▶ **ASSIGNMENT**
With no images included, output each entry below exactly as it appears.

(Caption-style text data)
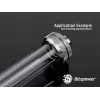Bitspower BP-NCPLT16-L500 Tubo de enlace PETG None Chamfer, 16/12 mm, 50 cm, Transparente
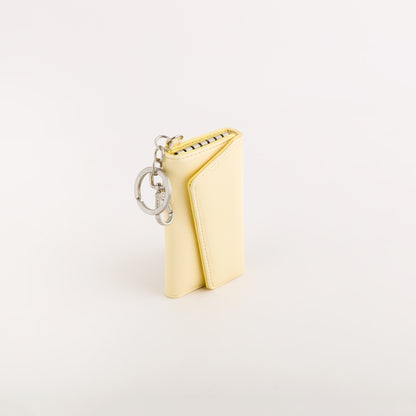 Schlüsselanhänger für Damen - Ambrosia Accessoires Hellgelb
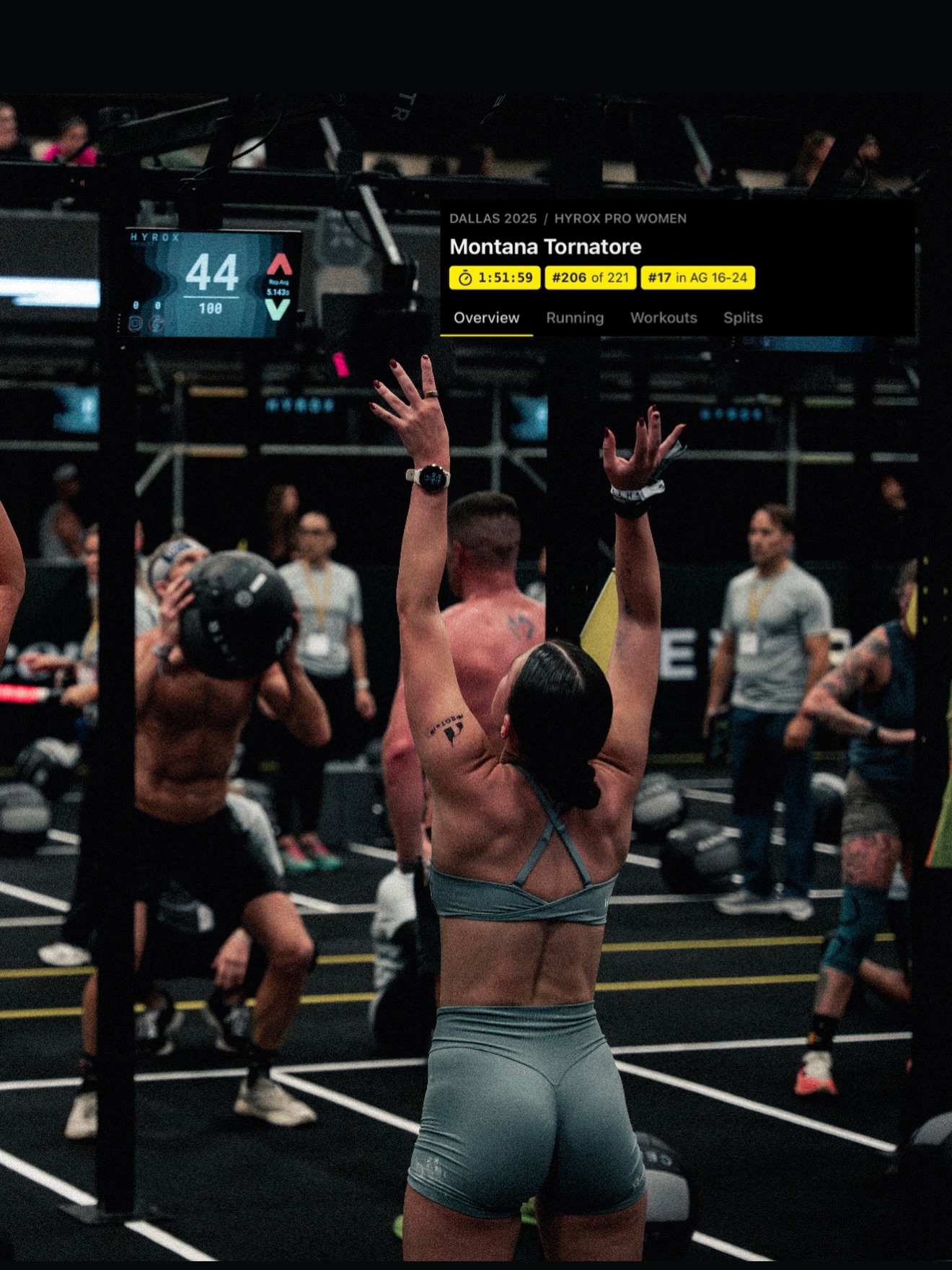 Montana Tornatore - Training & Competition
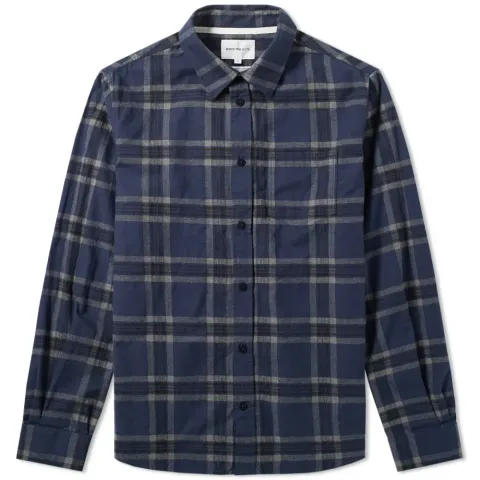 Osvald Melange Twill Check Shirt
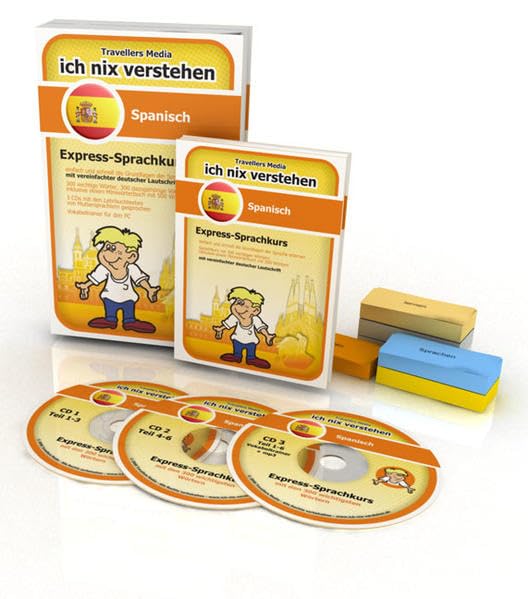 Spanisch Express-Sprachkurs Ich-Nix-Verstehen Leisure, Home & Garden
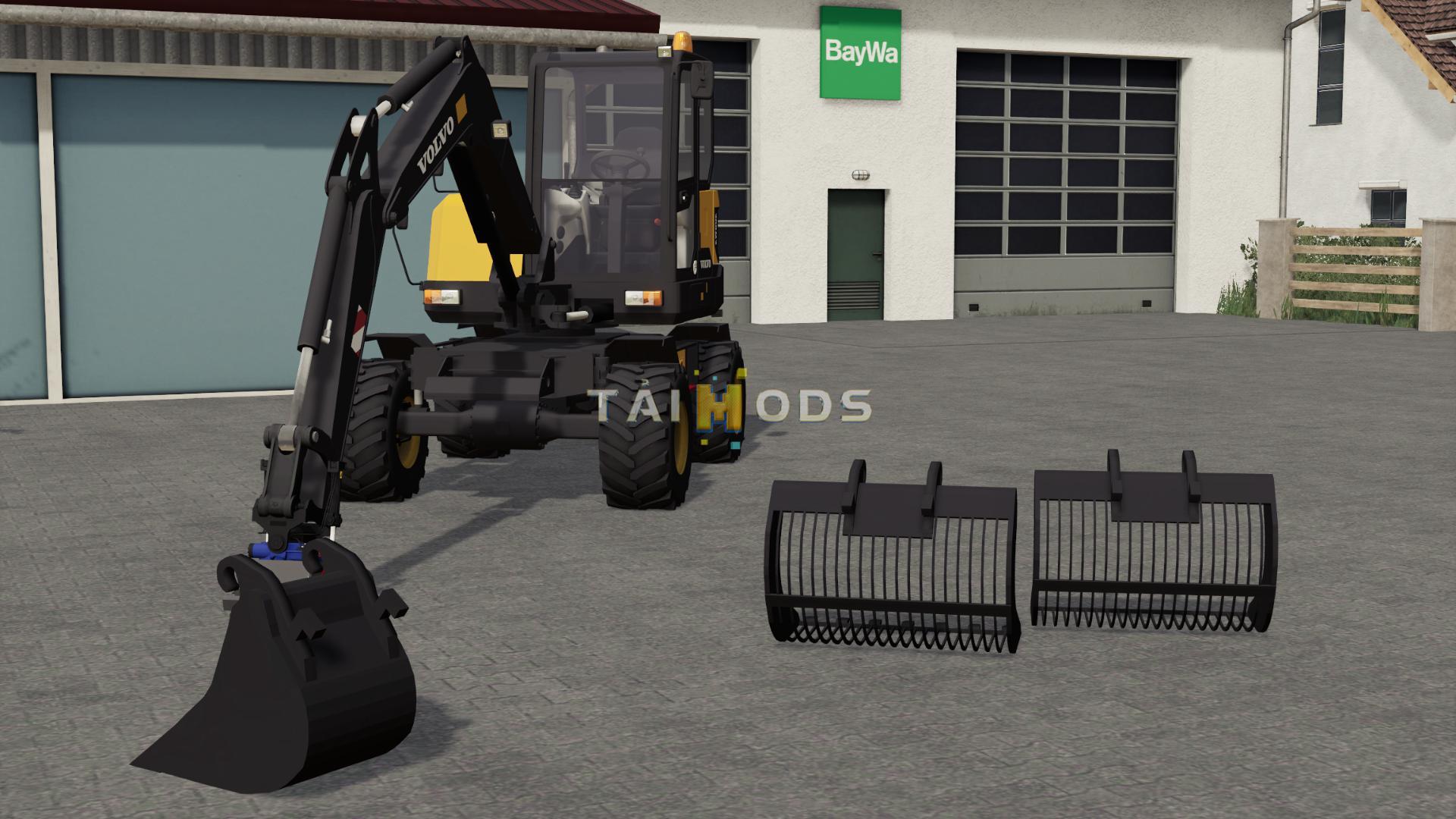FS19 - Volvo EW60 V1.0 (1.6) FS19 - Volvo EW60 V1.0 (1.6)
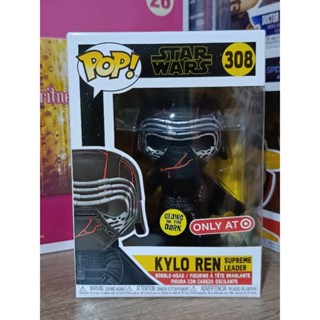 Funko Pop! : Star Wars : The Rise Of Skywalker - Kylo Ren Supreme Leader Glow in The Dark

▶ **YOUR RESPONSE**
Bitspower BP-NCPLT16-L500 Tubo de enlace PETG None Chamfer, 16/12 mm, 50 cm, Transparente
 Schlüsselanhänger für Damen - Ambrosia Accessoires Hellgelb
 Montana Tornatore - Training & Competition
 Osvald Melange Twill Check Shirt
 Spanisch Express-Sprachkurs Ich-Nix-Verstehen Leisure, Home & Garden
FS19 - Volvo EW60 V1.0 (1.6) FS19 - Volvo EW60 V1.0 (1.6)
 Funko Pop! : Star Wars : The Rise Of Skywalker - Kylo Ren Supreme Leader Glow in The Dark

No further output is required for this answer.